#### Task goal:
Find the line with "Czerwone czółenka damskie" in the entries below, then output every line from it down to the line with "杯子收納置物架杯架子家用放水杯架收納盒桌面多層茶具茶杯收納架", exactly and with no pictures.

#### Source data:
>>>
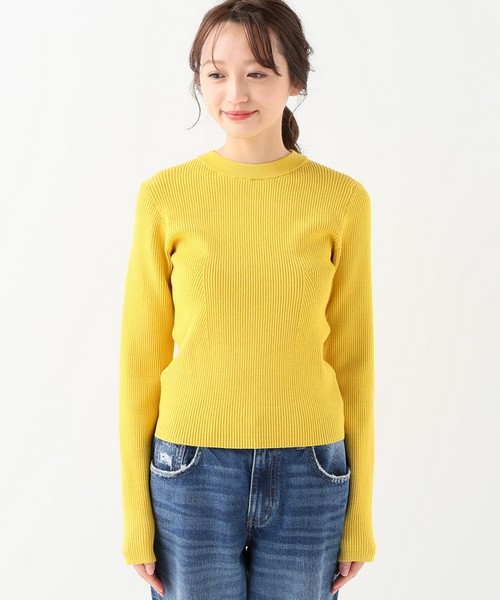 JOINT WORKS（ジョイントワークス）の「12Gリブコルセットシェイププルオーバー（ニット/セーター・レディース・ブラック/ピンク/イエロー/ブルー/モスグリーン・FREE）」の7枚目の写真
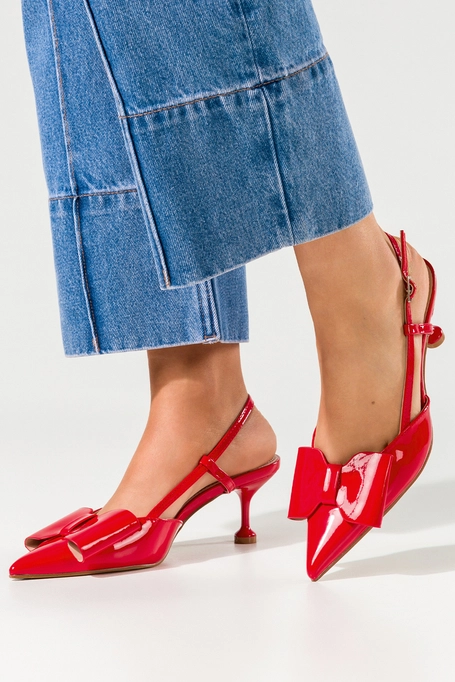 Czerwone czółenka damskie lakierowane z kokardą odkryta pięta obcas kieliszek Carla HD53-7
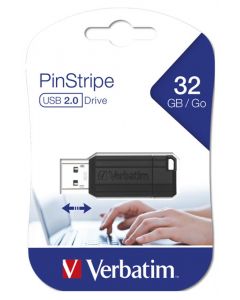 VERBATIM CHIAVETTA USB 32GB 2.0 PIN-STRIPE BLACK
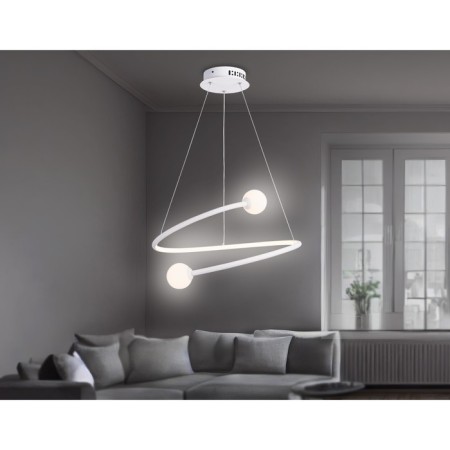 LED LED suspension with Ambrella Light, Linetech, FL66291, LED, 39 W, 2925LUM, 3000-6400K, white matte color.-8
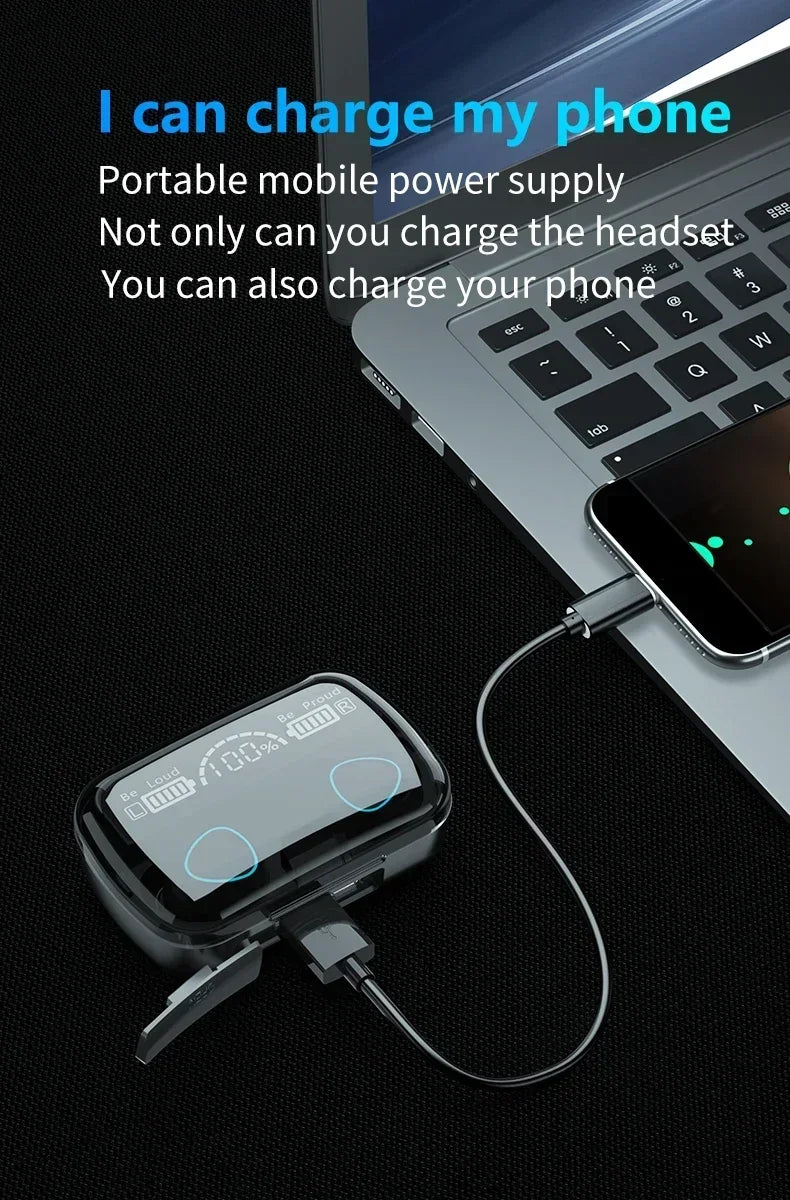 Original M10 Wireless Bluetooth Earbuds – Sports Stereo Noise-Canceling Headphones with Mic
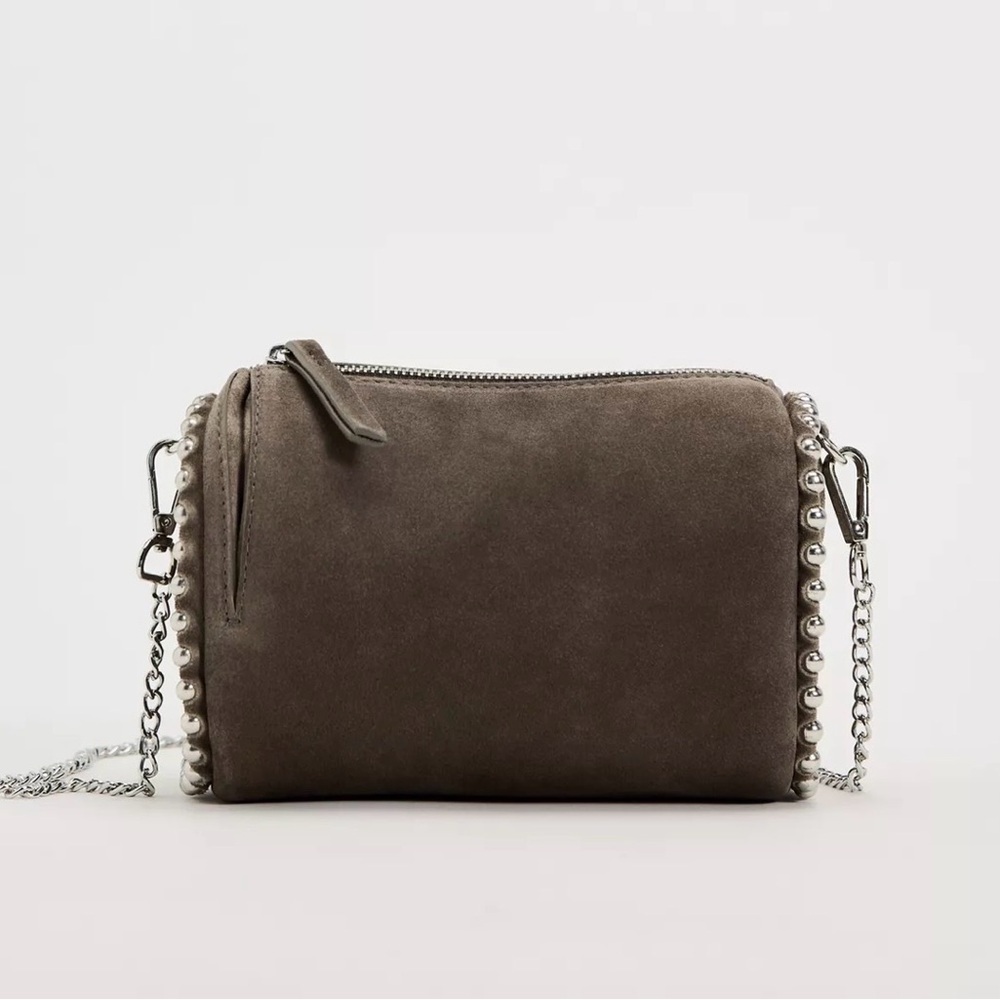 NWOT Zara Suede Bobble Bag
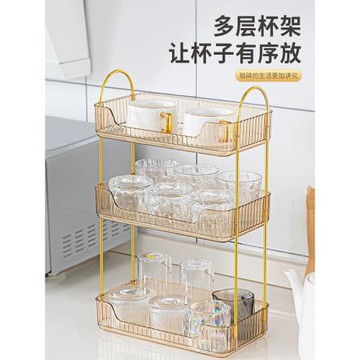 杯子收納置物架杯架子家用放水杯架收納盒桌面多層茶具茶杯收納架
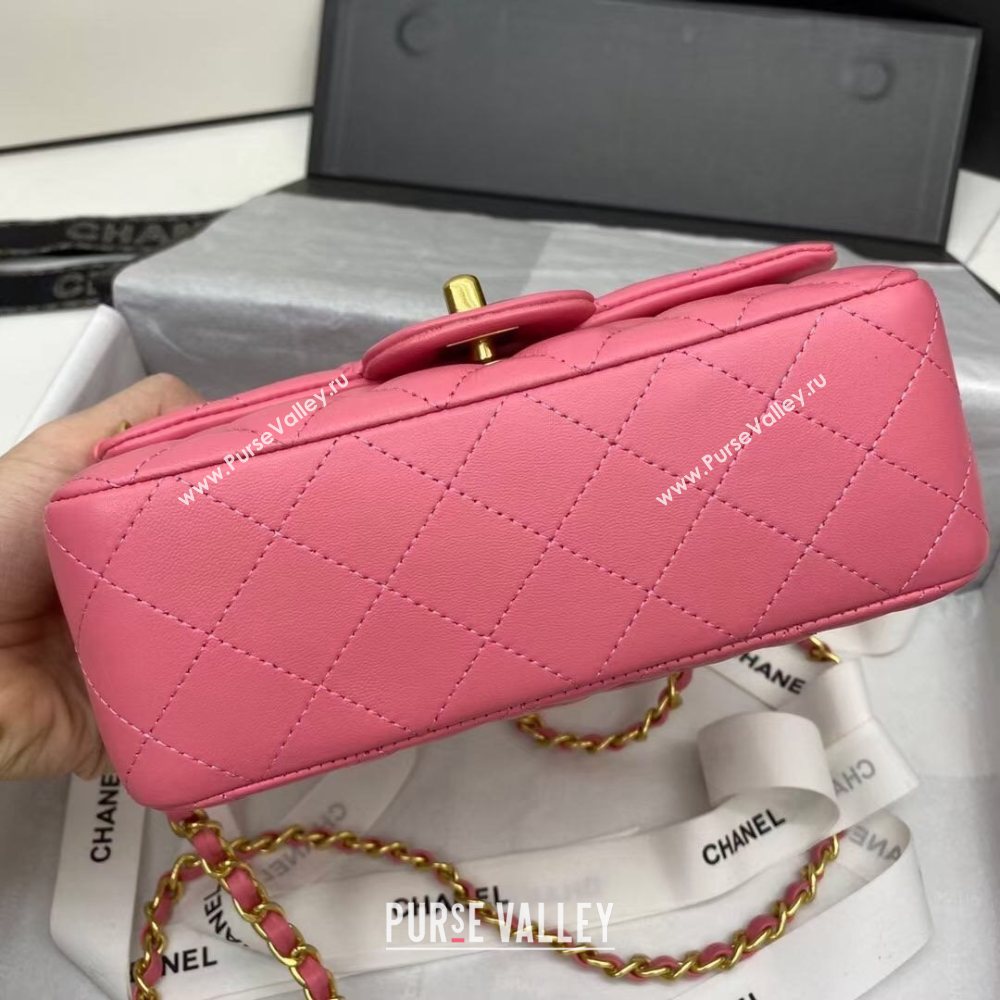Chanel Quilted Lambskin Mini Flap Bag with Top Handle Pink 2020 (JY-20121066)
<<<
>>>
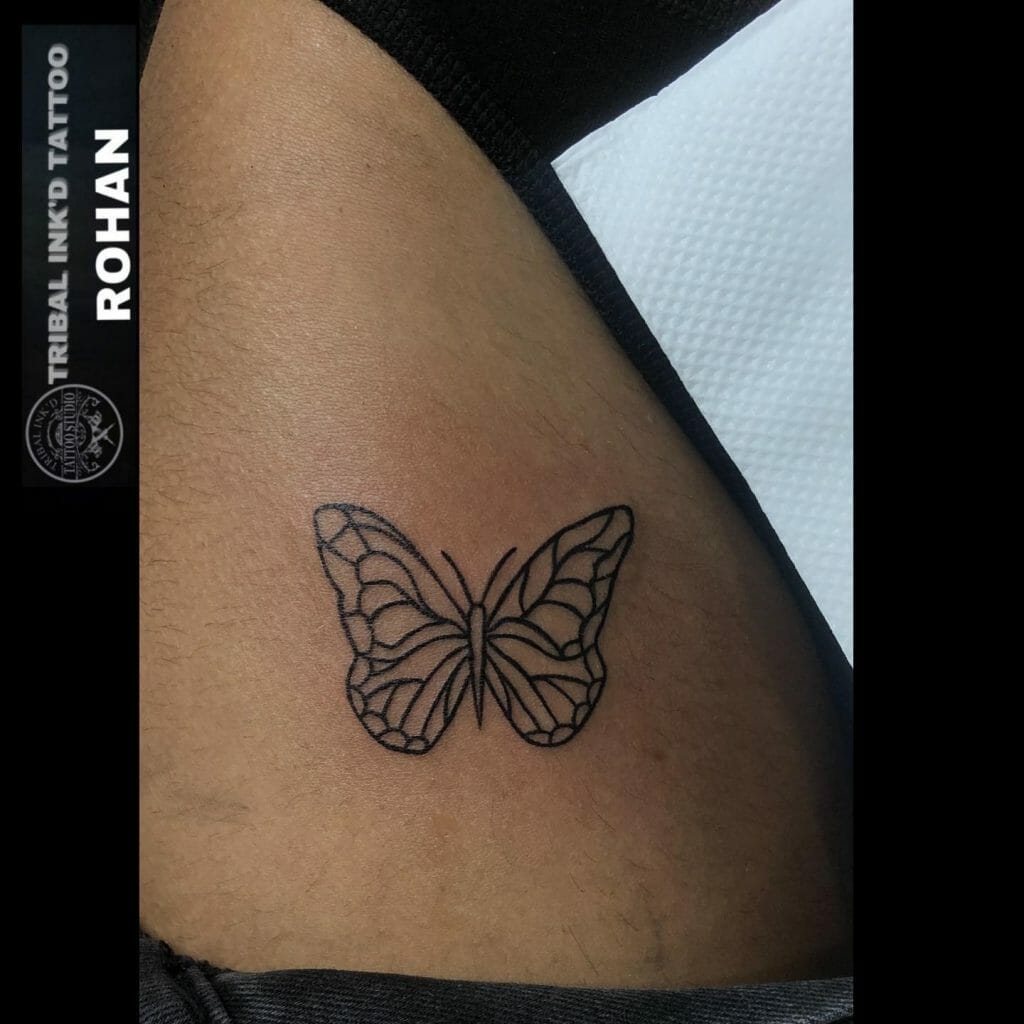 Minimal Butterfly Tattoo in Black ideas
<<<
#### Your response:
 Czerwone czółenka damskie lakierowane z kokardą odkryta pięta obcas kieliszek Carla HD53-7
 VERBATIM CHIAVETTA USB 32GB 2.0 PIN-STRIPE BLACK
 LED LED suspension with Ambrella Light, Linetech, FL66291, LED, 39 W, 2925LUM, 3000-6400K, white matte color.-8
 Original M10 Wireless Bluetooth Earbuds – Sports Stereo Noise-Canceling Headphones with Mic
 NWOT Zara Suede Bobble Bag
 杯子收納置物架杯架子家用放水杯架收納盒桌面多層茶具茶杯收納架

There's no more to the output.